WORK ITEM
Every line from the one that contains "BatchRenameCels_Sample" to the end of the material below should be output exactly, with both ends included and nothing else.

RECORDS FOR THE TASK

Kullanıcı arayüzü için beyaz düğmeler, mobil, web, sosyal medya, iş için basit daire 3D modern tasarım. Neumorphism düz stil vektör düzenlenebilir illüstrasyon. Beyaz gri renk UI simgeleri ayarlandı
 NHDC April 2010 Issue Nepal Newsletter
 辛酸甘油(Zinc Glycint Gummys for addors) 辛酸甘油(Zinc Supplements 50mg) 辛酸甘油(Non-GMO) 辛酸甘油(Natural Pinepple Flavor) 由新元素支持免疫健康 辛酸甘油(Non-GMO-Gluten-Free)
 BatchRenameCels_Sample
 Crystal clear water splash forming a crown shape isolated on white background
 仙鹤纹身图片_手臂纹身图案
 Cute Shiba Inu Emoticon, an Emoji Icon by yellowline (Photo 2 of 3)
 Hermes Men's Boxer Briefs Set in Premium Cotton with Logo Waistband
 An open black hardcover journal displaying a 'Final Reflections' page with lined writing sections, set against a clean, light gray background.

RESPONSE FOR THIS EXERCISE
 BatchRenameCels_Sample
 Crystal clear water splash forming a crown shape isolated on white background
 仙鹤纹身图片_手臂纹身图案
 Cute Shiba Inu Emoticon, an Emoji Icon by yellowline (Photo 2 of 3)
 Hermes Men's Boxer Briefs Set in Premium Cotton with Logo Waistband
 An open black hardcover journal displaying a 'Final Reflections' page with lined writing sections, set against a clean, light gray background.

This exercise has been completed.